→ **What the exercise asks**
Output exactly the lines below, starting with the line that has "Sludinājums - Pētnieks (latviski)" and going on through the line that has "Vergleich Immobilienpreise Grafing", both included, and no other lines.

--- Records for this task Enclosed Below ---

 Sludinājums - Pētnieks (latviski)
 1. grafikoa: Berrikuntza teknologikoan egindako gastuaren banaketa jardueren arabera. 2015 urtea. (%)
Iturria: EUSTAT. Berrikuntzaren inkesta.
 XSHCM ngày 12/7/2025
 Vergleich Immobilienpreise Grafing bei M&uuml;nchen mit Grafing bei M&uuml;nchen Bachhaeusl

--- End of Enclosed Records for this task ---
--- Records for this task Enclosed Below ---

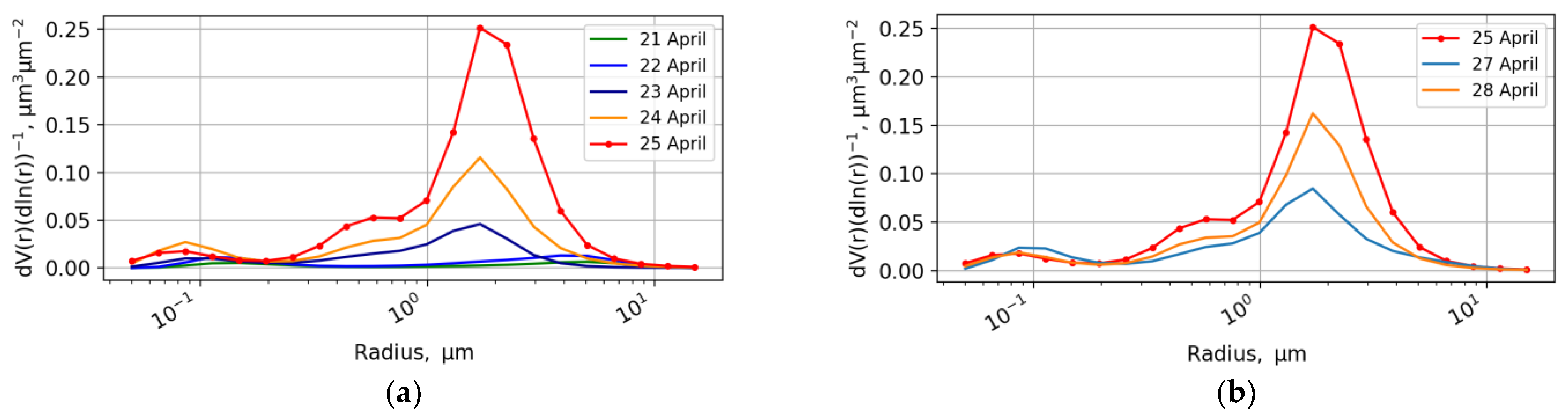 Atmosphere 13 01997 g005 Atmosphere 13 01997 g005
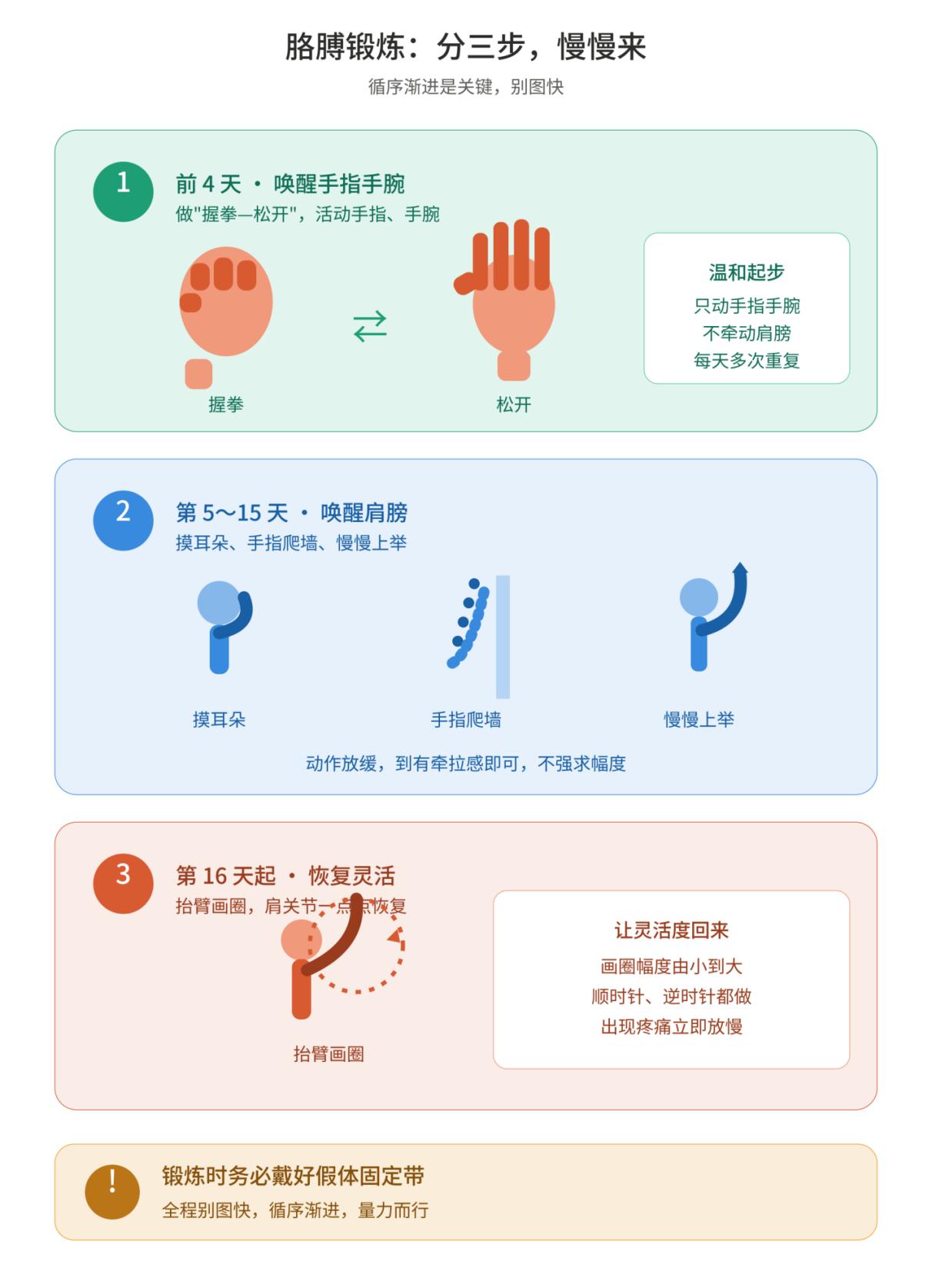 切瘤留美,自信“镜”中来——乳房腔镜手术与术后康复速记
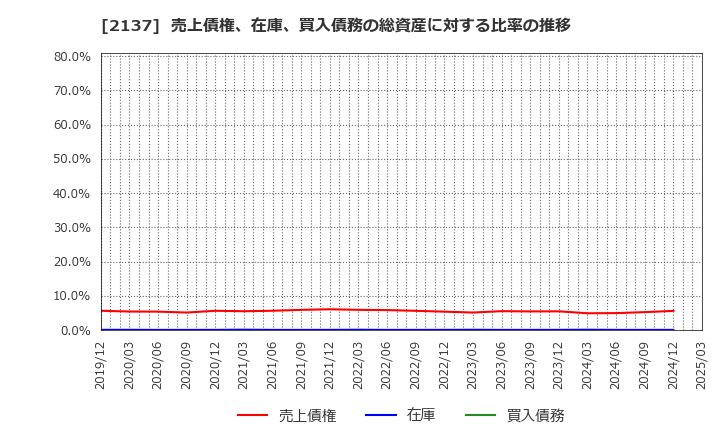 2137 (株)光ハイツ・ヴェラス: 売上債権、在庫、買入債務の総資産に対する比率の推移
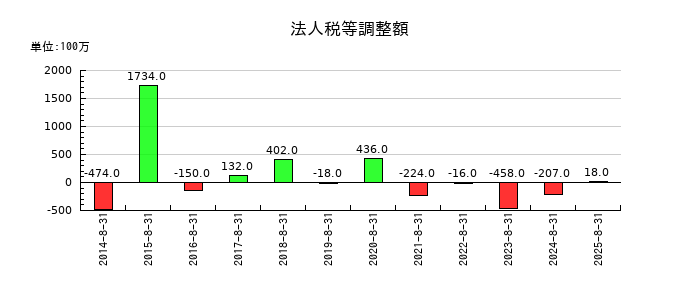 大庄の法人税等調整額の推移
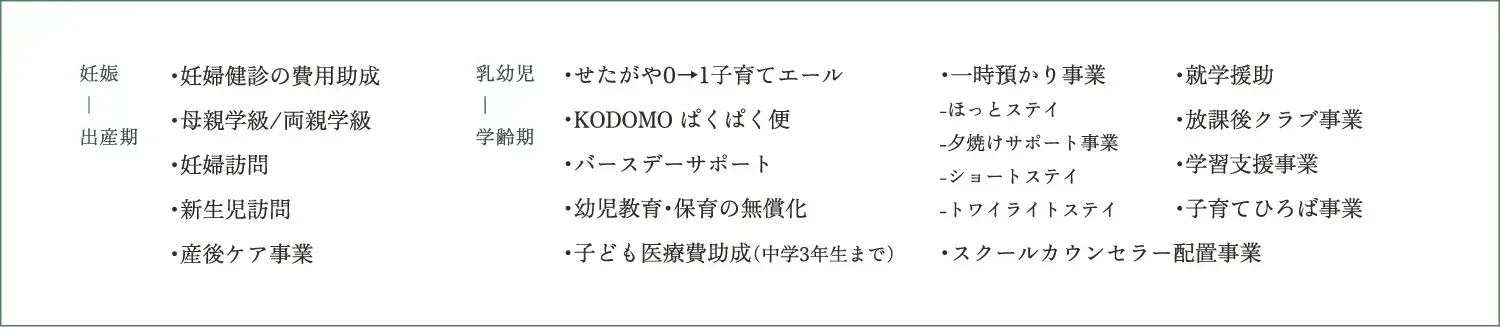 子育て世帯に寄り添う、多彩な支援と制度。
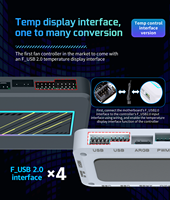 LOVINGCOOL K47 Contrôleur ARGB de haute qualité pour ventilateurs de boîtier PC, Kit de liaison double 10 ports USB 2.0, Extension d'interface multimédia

--- End of Enclosed Records for this task ---

→ **Answer for this exercise**
 Sludinājums - Pētnieks (latviski)
 1. grafikoa: Berrikuntza teknologikoan egindako gastuaren banaketa jardueren arabera. 2015 urtea. (%)
Iturria: EUSTAT. Berrikuntzaren inkesta.
 XSHCM ngày 12/7/2025
 Vergleich Immobilienpreise Grafing bei M&uuml;nchen mit Grafing bei M&uuml;nchen Bachhaeusl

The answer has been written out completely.